▶ **WORK INSTRUCTIONS**: After finding the line with "Lumbrela Apartments ستاريغغاد" in the entries below, retype exactly each line from there through the line with "Nach der Kritik", including that final line.

▶ **DATASET ENTRIES**:
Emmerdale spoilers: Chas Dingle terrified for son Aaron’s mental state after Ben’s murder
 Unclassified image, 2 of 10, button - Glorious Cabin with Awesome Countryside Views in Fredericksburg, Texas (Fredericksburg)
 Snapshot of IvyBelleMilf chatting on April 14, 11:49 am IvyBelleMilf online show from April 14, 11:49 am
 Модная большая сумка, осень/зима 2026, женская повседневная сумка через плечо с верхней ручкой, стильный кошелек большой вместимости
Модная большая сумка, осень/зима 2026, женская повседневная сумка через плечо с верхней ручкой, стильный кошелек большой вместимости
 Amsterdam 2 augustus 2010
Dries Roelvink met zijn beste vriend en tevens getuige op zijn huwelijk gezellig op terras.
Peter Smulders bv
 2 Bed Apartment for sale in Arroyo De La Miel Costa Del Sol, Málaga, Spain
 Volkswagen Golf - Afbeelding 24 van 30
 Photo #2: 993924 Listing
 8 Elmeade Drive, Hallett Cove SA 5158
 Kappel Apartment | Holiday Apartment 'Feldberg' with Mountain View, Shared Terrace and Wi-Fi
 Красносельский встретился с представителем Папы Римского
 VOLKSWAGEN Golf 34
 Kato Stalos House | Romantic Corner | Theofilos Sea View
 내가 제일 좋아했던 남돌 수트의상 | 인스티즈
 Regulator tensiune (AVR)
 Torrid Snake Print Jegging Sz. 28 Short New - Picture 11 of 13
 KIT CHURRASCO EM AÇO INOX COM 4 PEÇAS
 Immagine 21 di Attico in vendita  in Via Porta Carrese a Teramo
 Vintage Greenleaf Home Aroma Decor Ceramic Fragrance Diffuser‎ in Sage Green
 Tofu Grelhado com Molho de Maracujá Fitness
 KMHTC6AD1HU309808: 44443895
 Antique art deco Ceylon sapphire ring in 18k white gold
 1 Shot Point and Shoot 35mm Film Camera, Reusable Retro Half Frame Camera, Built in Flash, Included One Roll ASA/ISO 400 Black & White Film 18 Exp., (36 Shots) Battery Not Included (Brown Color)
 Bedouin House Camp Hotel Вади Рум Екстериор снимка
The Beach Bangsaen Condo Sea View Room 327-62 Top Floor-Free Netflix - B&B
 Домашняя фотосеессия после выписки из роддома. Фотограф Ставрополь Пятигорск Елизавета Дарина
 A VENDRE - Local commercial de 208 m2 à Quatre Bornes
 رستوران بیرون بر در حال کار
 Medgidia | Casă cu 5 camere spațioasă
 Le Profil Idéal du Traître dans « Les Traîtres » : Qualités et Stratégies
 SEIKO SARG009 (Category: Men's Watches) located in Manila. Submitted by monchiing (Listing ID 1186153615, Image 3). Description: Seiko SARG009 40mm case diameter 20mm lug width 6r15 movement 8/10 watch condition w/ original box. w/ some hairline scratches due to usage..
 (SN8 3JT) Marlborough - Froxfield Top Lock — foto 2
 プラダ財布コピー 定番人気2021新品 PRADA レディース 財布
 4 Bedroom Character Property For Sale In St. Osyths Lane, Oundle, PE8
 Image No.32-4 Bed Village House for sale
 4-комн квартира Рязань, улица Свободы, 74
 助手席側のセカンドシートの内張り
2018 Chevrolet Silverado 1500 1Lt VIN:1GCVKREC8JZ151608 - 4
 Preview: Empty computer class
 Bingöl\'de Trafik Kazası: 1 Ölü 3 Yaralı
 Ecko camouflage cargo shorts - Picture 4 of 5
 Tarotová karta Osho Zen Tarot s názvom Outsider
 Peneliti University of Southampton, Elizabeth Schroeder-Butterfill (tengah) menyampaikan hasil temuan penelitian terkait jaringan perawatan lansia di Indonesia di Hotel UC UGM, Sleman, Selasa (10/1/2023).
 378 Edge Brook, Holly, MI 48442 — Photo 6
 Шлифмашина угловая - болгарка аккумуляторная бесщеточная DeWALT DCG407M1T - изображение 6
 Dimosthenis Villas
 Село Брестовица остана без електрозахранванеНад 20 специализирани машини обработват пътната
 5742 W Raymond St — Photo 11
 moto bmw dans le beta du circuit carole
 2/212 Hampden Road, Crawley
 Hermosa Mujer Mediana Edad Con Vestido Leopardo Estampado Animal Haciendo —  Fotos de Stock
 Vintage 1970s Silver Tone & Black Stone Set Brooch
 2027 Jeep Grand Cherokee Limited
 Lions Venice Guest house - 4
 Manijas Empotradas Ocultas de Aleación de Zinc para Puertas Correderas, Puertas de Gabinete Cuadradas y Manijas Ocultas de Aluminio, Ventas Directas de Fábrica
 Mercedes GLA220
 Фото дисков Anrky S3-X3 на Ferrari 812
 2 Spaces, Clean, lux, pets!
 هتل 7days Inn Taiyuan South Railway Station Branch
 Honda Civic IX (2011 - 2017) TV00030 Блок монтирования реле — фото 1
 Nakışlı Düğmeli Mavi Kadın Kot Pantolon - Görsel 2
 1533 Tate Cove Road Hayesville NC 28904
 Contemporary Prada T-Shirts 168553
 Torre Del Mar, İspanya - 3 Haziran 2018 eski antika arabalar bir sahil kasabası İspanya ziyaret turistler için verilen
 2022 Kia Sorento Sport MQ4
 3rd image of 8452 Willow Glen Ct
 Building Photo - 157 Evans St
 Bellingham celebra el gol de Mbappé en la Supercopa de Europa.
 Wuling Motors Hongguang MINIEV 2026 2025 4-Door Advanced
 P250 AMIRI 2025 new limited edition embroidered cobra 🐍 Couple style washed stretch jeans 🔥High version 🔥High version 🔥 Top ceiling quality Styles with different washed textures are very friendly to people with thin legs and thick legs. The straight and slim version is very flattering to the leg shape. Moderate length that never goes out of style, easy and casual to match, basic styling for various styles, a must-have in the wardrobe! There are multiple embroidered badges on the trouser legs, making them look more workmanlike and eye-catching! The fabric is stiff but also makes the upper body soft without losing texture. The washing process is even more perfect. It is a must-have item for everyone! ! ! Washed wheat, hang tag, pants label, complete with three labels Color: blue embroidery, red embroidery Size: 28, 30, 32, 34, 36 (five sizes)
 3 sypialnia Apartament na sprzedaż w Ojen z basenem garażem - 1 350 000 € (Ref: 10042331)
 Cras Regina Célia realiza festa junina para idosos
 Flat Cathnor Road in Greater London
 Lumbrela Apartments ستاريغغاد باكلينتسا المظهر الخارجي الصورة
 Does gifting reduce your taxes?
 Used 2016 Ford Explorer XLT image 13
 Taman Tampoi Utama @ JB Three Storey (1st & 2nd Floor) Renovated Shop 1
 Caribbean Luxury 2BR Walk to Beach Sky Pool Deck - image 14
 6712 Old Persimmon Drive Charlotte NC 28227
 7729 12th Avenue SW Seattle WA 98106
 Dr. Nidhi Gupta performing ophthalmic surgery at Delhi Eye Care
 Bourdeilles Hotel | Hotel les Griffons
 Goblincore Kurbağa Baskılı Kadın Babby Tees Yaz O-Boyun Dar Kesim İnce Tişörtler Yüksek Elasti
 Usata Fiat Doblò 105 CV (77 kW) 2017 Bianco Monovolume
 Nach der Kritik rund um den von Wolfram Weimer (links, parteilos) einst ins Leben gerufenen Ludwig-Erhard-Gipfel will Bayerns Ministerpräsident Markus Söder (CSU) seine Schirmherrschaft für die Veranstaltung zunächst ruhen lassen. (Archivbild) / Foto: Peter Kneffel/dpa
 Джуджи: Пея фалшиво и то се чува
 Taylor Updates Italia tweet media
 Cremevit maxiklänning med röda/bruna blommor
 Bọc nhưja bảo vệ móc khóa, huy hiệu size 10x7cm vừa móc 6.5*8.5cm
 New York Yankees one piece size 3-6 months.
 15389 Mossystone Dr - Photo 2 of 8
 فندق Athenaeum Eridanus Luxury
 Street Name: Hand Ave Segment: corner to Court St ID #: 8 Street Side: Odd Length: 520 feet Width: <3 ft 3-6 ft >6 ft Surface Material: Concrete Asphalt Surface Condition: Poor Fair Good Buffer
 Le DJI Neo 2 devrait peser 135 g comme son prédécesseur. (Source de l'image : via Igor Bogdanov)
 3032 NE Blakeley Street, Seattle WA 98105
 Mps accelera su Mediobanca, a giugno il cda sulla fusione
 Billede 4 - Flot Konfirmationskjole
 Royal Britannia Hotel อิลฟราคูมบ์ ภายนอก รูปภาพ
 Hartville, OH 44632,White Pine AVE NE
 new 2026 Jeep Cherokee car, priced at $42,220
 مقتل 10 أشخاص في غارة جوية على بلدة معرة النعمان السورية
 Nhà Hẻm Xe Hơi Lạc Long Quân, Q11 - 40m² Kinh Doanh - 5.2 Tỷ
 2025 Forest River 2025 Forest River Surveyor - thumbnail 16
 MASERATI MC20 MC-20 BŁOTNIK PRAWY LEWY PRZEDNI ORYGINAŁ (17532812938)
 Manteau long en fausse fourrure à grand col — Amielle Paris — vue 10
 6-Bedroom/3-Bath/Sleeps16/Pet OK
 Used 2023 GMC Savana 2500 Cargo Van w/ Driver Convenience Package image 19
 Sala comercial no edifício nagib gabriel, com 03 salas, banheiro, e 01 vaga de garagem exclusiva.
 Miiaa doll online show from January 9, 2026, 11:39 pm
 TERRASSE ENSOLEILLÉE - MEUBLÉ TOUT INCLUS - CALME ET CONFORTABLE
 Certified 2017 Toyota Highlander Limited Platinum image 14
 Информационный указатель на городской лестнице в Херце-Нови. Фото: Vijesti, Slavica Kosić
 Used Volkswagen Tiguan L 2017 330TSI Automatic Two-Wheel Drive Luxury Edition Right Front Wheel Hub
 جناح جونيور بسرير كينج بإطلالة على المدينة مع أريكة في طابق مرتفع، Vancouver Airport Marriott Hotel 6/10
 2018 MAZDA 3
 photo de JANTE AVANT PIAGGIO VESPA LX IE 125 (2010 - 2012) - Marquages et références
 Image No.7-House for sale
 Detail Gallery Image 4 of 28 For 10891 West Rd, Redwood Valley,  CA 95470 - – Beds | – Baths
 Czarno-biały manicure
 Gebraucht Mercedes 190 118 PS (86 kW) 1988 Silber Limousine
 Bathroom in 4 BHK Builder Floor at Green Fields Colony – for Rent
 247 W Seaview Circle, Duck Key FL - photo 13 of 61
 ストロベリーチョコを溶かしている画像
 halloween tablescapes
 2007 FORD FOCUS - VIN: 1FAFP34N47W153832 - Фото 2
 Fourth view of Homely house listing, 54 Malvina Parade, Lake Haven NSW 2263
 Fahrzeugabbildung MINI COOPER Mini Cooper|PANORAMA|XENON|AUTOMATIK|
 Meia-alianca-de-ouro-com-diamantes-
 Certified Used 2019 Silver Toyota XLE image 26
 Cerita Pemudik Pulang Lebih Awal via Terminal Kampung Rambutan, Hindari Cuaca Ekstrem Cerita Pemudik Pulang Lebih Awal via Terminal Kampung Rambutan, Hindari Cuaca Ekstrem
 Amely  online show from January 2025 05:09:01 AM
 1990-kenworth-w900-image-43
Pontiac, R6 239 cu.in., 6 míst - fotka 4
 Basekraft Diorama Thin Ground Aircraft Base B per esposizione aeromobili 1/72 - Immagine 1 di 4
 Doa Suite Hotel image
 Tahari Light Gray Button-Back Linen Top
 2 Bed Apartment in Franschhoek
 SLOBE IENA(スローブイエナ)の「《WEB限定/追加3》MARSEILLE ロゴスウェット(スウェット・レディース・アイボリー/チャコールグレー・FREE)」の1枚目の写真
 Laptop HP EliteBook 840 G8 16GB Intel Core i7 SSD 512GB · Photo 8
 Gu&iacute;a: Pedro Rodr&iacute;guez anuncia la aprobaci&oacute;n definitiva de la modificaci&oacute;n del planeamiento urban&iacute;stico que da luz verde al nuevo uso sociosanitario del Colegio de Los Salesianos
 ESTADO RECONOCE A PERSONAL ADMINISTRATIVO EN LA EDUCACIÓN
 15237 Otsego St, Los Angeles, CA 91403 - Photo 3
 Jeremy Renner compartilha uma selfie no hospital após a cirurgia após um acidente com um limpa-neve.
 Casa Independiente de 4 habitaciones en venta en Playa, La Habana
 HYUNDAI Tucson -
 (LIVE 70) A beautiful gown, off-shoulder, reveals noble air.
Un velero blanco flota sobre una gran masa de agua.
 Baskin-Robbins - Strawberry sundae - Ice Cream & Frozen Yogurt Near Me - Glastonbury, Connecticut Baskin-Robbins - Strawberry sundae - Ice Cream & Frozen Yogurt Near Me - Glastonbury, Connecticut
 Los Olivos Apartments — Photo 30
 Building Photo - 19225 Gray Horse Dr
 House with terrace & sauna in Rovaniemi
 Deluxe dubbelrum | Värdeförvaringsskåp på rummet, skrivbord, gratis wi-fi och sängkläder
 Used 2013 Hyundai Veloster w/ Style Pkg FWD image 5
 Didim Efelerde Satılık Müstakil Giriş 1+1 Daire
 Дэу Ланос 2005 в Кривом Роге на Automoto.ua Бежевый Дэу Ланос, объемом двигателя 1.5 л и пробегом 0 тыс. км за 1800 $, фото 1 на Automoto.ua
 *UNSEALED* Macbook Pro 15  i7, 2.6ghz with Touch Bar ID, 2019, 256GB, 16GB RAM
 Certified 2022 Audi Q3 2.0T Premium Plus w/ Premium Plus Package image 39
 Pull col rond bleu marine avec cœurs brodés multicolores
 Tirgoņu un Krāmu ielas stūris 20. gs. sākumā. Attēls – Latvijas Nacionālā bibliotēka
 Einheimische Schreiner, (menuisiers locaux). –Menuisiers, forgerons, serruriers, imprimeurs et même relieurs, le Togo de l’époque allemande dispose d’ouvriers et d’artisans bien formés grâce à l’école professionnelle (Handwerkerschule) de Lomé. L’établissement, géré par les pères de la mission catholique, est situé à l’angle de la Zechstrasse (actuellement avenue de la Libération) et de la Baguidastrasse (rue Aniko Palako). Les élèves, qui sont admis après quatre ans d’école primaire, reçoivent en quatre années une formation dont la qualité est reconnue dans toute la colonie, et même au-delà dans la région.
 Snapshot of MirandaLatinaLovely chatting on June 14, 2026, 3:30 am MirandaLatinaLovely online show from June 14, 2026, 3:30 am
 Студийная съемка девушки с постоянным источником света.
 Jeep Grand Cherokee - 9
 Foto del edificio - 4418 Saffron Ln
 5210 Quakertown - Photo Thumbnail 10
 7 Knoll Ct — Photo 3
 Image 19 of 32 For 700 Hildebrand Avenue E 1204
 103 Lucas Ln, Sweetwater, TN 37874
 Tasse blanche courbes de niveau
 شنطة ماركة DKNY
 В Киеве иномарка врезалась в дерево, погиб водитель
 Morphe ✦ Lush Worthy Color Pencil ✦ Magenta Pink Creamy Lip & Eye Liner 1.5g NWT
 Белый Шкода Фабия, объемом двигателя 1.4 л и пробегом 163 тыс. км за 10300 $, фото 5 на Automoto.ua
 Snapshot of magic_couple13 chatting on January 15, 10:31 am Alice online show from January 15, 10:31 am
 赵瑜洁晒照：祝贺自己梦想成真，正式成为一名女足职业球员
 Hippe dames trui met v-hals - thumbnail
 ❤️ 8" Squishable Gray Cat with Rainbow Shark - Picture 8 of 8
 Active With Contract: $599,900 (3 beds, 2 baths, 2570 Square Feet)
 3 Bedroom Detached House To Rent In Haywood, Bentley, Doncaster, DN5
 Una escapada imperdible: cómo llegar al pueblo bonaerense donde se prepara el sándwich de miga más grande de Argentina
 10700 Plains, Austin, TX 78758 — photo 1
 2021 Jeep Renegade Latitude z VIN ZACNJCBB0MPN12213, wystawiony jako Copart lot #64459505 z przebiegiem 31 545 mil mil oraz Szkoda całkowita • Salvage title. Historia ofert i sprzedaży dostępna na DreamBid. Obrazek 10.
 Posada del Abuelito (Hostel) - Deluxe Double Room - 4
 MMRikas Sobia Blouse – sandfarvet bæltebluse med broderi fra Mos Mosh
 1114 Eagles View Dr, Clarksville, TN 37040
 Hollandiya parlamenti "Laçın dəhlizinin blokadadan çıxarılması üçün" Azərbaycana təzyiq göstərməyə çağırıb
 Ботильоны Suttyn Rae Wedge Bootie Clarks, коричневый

▶ **ANSWER SECTION**:
 Lumbrela Apartments ستاريغغاد باكلينتسا المظهر الخارجي الصورة
 Does gifting reduce your taxes?
 Used 2016 Ford Explorer XLT image 13
 Taman Tampoi Utama @ JB Three Storey (1st & 2nd Floor) Renovated Shop 1
 Caribbean Luxury 2BR Walk to Beach Sky Pool Deck - image 14
 6712 Old Persimmon Drive Charlotte NC 28227
 7729 12th Avenue SW Seattle WA 98106
 Dr. Nidhi Gupta performing ophthalmic surgery at Delhi Eye Care
 Bourdeilles Hotel | Hotel les Griffons
 Goblincore Kurbağa Baskılı Kadın Babby Tees Yaz O-Boyun Dar Kesim İnce Tişörtler Yüksek Elasti
 Usata Fiat Doblò 105 CV (77 kW) 2017 Bianco Monovolume
 Nach der Kritik rund um den von Wolfram Weimer (links, parteilos) einst ins Leben gerufenen Ludwig-Erhard-Gipfel will Bayerns Ministerpräsident Markus Söder (CSU) seine Schirmherrschaft für die Veranstaltung zunächst ruhen lassen. (Archivbild) / Foto: Peter Kneffel/dpa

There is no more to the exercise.